Wettbewerbsfähigkeit – Test ist stets der Arbeitsmarkt – Werden immer mehr zur Basarökonomie – Party weltweit vorbei
ECHO: Der Titel Exportweltmeister geht zwar 2009 wohl an China verloren. Aber kaum ein Land profitiert bislang von der Globalisierung so wie Deutschland. Zugleich ängstigen sich viele Bundesbürger wegen des wachsenden grenzüberschreitenden Wettbewerbs. Widerspruch oder begründete Sorgen?

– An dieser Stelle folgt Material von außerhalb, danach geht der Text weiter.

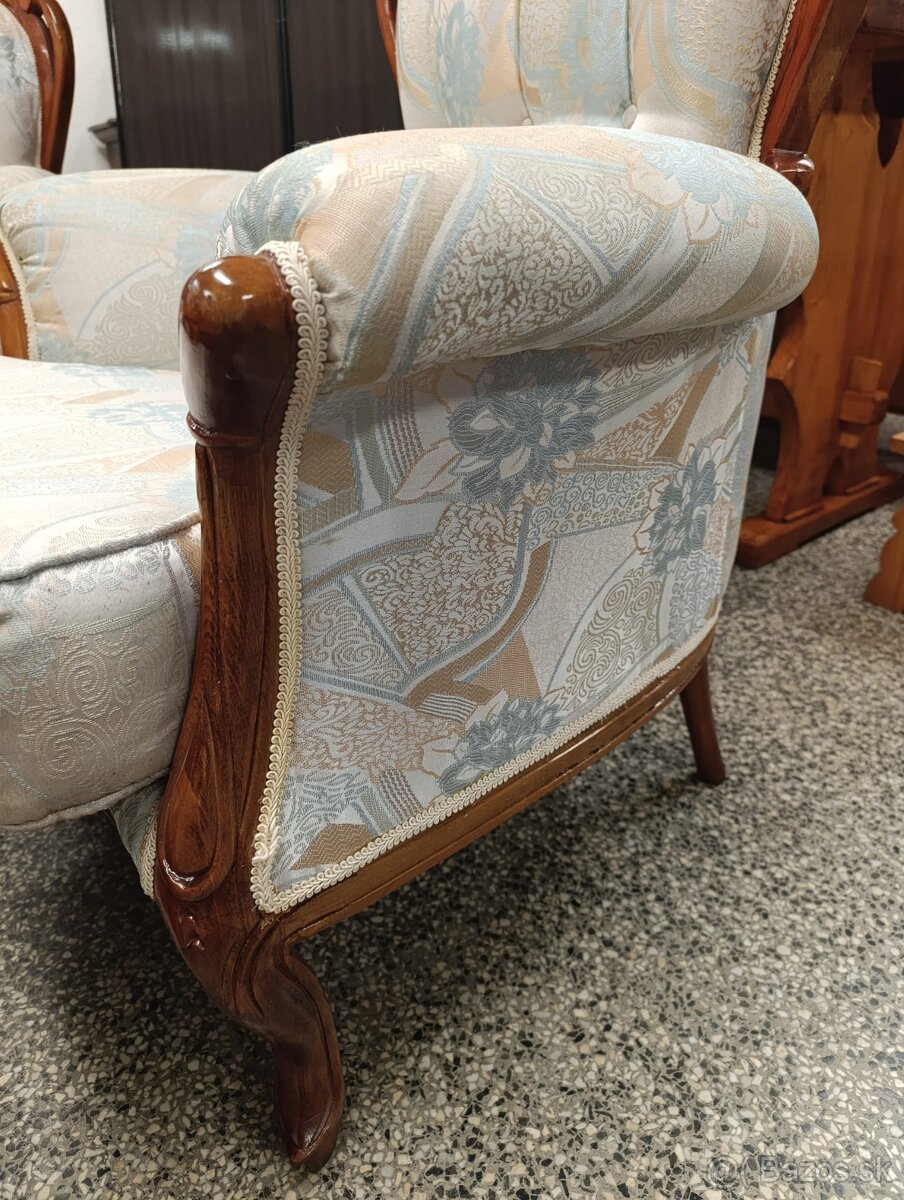 Zámecké křeslo 2 ks + konferenční stolek, i zvlášť, masív - 12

Sinn: Ich frage mich, woher Sie so sicher sind, dass Deutschland von der Globalisierung profitiert. An den hohen Exporten kann man das jedenfalls nicht ablesen. Im Gengenteil, gerade dann, wenn hohe und starre Löhne zu Lasten der Binnensektoren eine Überspezialisierung auf kapitalintensive Exportsektoren erzwingen, die nur wenige Arbeitsplätze bringen, gibt es die Möglichkeit eines verlustbringende Handels Der richtige Test für mögliche Gewinne aus der intenationalen Arbeitsteilung ist der Arbeitsmarkt. In den letzten anderthalb Jahrzehnten hat Deutschland die durch die Importkonkurrenz freigesetzten Arbeitnehmer nur in geringem Umfang in den Exportsektoren unterbringen können. Das spricht gegen neue Handelsgewinne. Allerdings gibt es seit der Agenda 2010 Lichtblicke, die eine Tendenz zum Besseren aufzeigen. Im übrigen: Selbst wenn es Handelsgewinne für die Deutschen in ihrer Gesamtheit gibt, gehören diejenigen Arbeitnehmer, die nun der Konkurrenz der Niedriglöhner aus den ex-kommunistischen Ländern ausgesetzt sind, sicherlich eher zu den Verlierern. Handelsgewinne gehen fast immer mit einer Umverteilung im Inneren des Landes einher. Dass alle Gruppen gleichmäßig profitieren ist eher die Ausnahme.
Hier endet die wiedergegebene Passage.